Now imagine we want to perform 1,000,000 queries like that for 1,000,000 different points. That translates to 1,000,000 x 1,000,000 = 1 billion operations. This does not scale-up and quickly becomes unrealistic (or at least dramatically slow).

With a spatial index, the points are organized in such a way that the computer does not need to perform all the comparisons. In a quadtree, for example, the point cloud can be subdivided in 4 quadrants that are themselves subdivided in four quadrants and so on hierarchically (see figure below).

In this example we can immediately exclude 75% of the points (750,000 points) in 4 operations at the top level (in red). The bounding box of our query being [275,325]x[325,375] we know that the POIs do not belong in top-left quadrant ([0,500] x [500,1000]) nor in top-right quadrant ([500,1000] x [500,1000]) nor in bottom-right quadrant. At the second level (in blue) in 4 more operations we can exclude another 75% of the remaining points to search only in one quadrant. At this stage we can perform a sequential scan on only 1/16th of the points (i.e. 62,500 points) meaning that we discarded 937,500 points in 8 operations! Consequently our query is (roughly) 16 times faster and could be even faster yet with more subdivision levels. In lidR a typical quadtree has 8 levels i.e. the space is subdivided in (28)2 = 65,536 quadrants.

As we can see, spatial indexing provides a way to dramatically speed-up many common spatial queries using discs, rectangles, polygons, 2D, 3D and so on. Different types of spatial indexes exist for different purposes but in all cases the use of a spatial index is not free and comes at the cost of greater memory usage.

18.2 Spatial indexes for LAS objects

18.2.1 Overview

lidR makes use of spatial indexes in many functions and can choose different types of spatial indexes on-the-fly. So far, the book only presented the function readLAS() (see section 2) but the package has some variations of readLAS() named readALSLAS(), readTLSLAS(), readUAVLAS() and so on that enable the registration of a point cloud type allowing lidR to adequately choose the most appropriated spatial indexing method to perform a given computation as fast as possible.

As an example we can use the TLS point cloud pine_plot.laz from the TreeLS package.

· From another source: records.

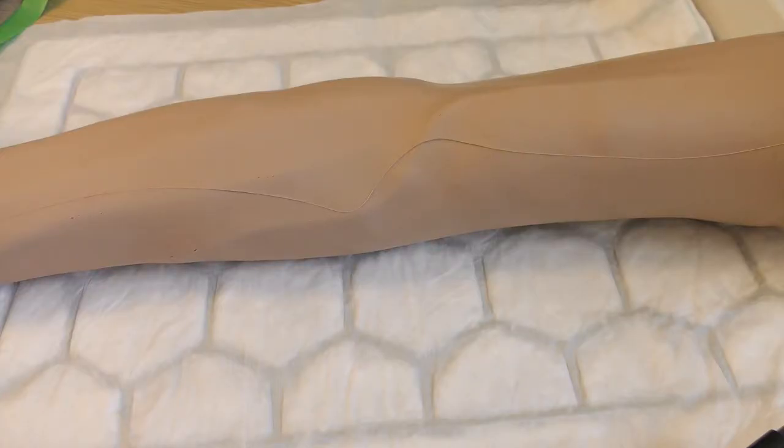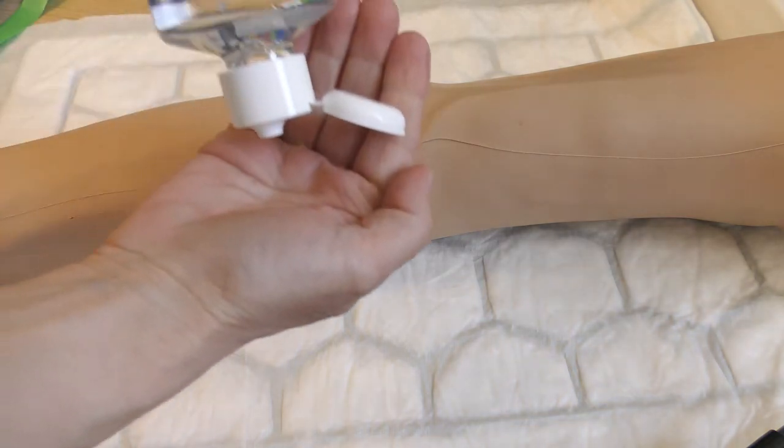Confirm the patient's identity, explain the procedure and gain consent. Decontaminate hands with alcohol gel.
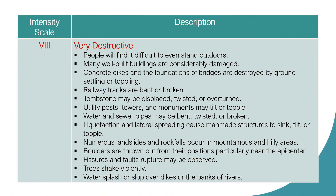Intensity Scale 8: Very Destructive. People find it difficult to stand even outdoors. Many well-built buildings are considerably damaged. Concrete dikes and foundations of bridges are destroyed by ground settling or toppling. Railway tracks are bent or broken. Tombstones may be displaced, twisted, or overturned. Utility posts, towers, and monuments may tilt or topple. Water and sewer pipes may be bent, twisted, or broken. Liquefaction and lateral spreading causes man-made structures to sink, tilt, or topple. Numerous landslides and rockfalls occur in mountainous and hilly areas. Boulders are thrown out from their positions particularly near the epicenter. Fissures and fault ruptures may be observed. Trees are violently shaken. Water splashes or slops over dikes or banks of rivers.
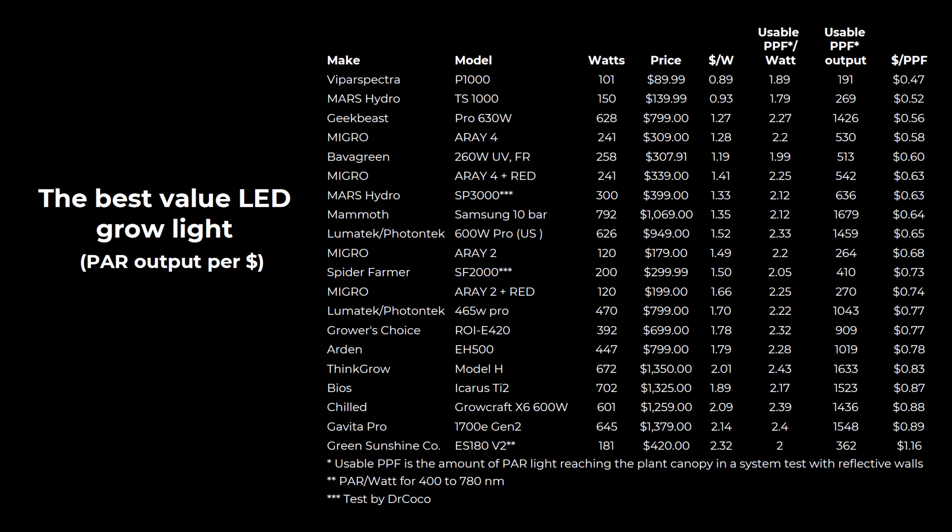The test is the same for all grow lights as much as possible, using the same process, procedure, and sensors — the Apogee SQ500 power sensor. Looking at the output from each fixture then dividing it by the recommended price in dollars, excluding tax and shipping, we can determine the best value fixture cost.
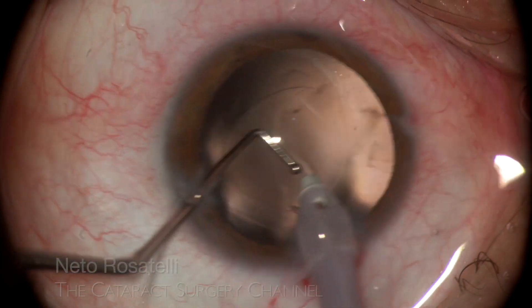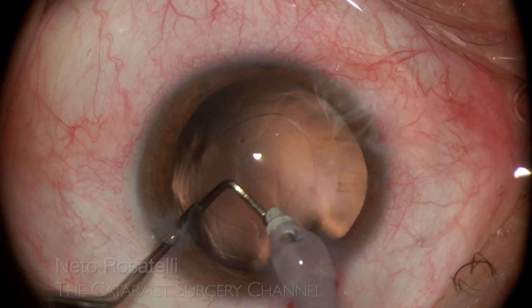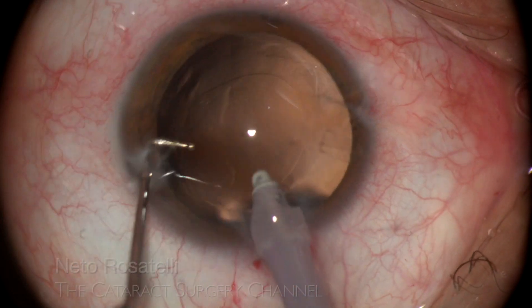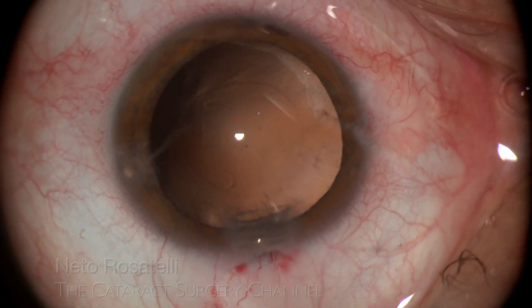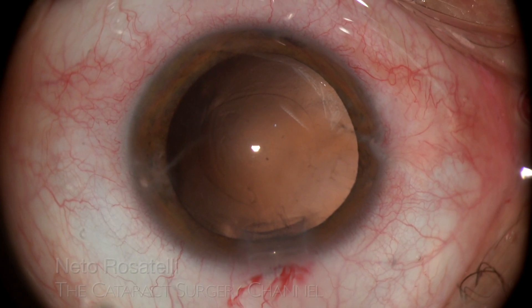Very gentle aspiration maneuvers must be done in order to prevent capsule entrapment and zonular dialysis. This time, the bimanual probe of this transformer handpiece didn't need to come into action.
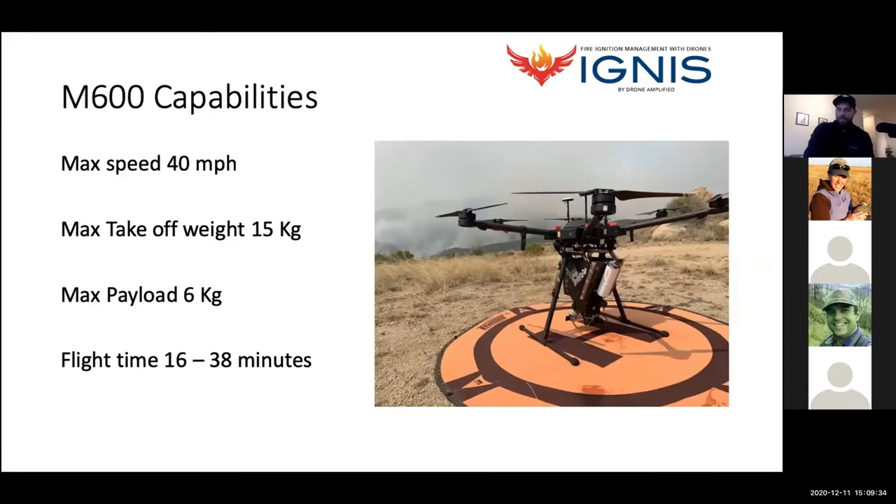The M600 is a very versatile machine, easy to use and easy to fly. Max speed is 40 miles per hour. Max takeoff weight with batteries, camera, and everything is about 15 kilograms. Max payload is six kilograms, and the IGNIS comes in just under that at four kilograms, allowing for optimal flight times of 16 to 38 minutes. There's variation since we start with a lot of weight and drop a lot of weight quickly, so there's fluctuation in sky time.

First we read the file with readLAS(), which considers the point cloud to be ALS because lidR was originally designed for ALS and by legacy readLAS() from version <= 3.1 behaves optimally for ALS. In the second case we use readTLSLAS() to inform lidR that this point cloud was sampled with a terrestrial device.

In the following test we can see that the computation time was reduced from ~2.5 sec to ~1.3 sec by registering the proper point type. Improvements may range from 2 to 10 times faster depending on the point cloud and the method used.

file <- system.file("extdata", "pine_plot.laz", package="TreeLS")
las <- readLAS(file, select='xyz')
tls <- readTLSLAS(file, select='xyz')

system.time(segment_shapes(las, shp_plane(k = 15), "Coplanar"))
#> utilisateur     système      écoulé 
#>       4.122       0.007       2.253
system.time(segment_shapes(tls, shp_plane(k = 15), "Coplanar"))
#> utilisateur     système      écoulé 
#>       1.900       0.003       1.225

This works for each method that implies many sequential spatial queries.

In the following example we can observe a ~8 fold processing time reduction.

system.time(point_metrics(las, r = 1, ~length(Z)))
#> utilisateur     système      écoulé 
#>      14.930       0.164      15.803
system.time(point_metrics(tls, r = 1, ~length(Z)))
#> utilisateur     système      écoulé 
#>       1.968       0.080       2.083

Now lets try with an ALS point cloud. We can see that it’s better to read an ALS point cloud as ALS rather than as TLS (~2 fold difference). This is because registering the correct point cloud type enables the selection of the optimal spatial indexing algorithm internally.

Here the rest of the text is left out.